### What to do
Reproduce each line, exactly, from the one containing "Dusche, Haartrockner, Handtücher, Seife" through the end of the material. Exclude pictures.

+++ Task input

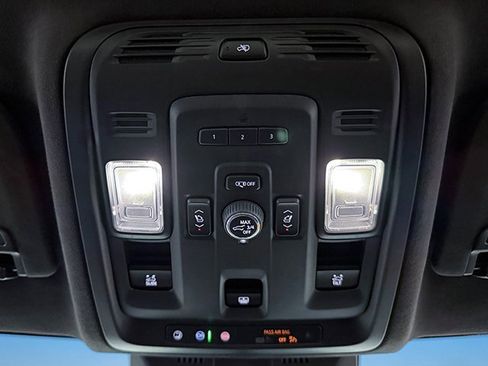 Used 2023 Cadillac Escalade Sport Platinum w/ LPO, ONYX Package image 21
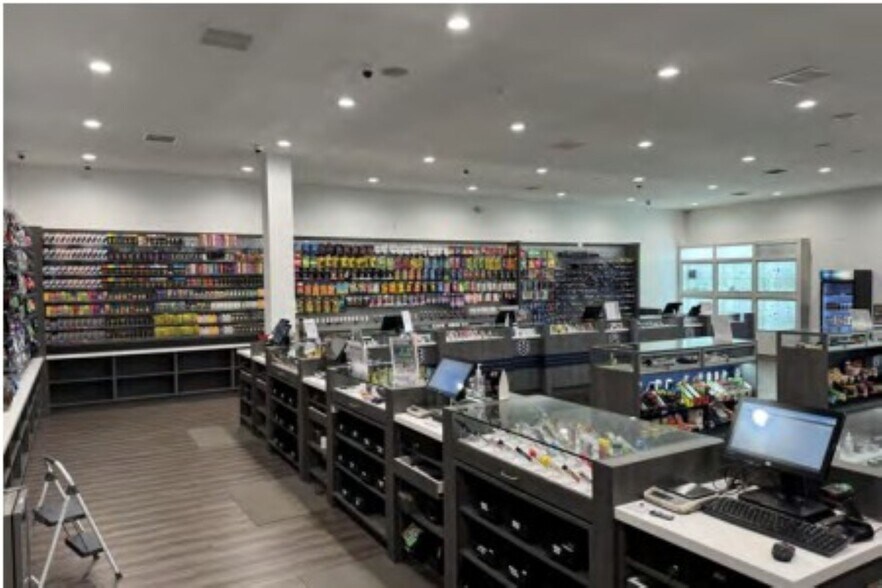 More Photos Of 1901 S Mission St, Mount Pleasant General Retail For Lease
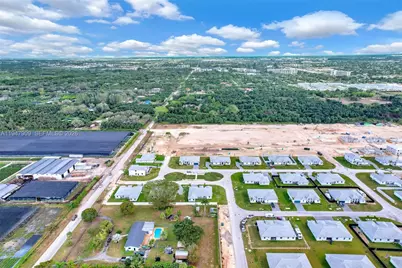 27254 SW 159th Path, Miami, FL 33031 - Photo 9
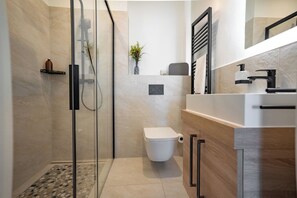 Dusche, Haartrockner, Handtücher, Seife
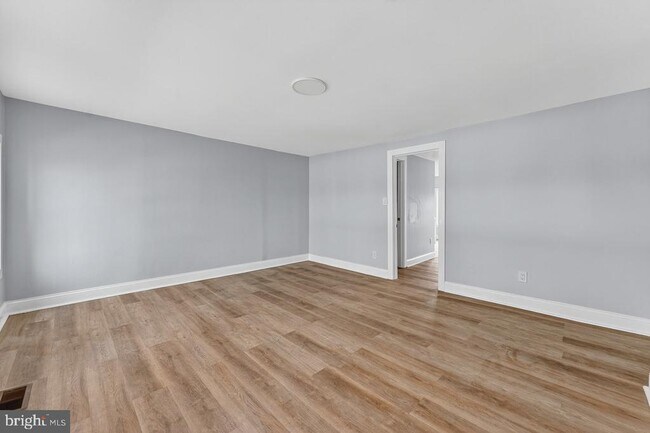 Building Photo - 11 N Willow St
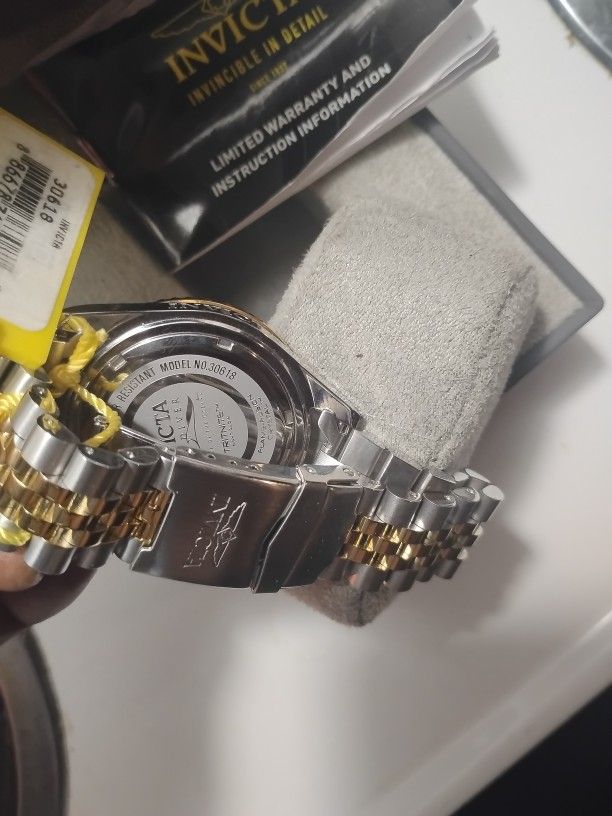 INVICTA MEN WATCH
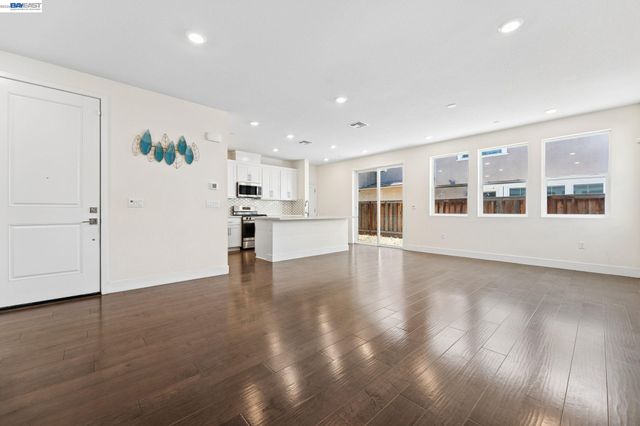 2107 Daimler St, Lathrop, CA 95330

++++++

### Exercise output
 Dusche, Haartrockner, Handtücher, Seife
 Building Photo - 11 N Willow St
 INVICTA MEN WATCH
 2107 Daimler St, Lathrop, CA 95330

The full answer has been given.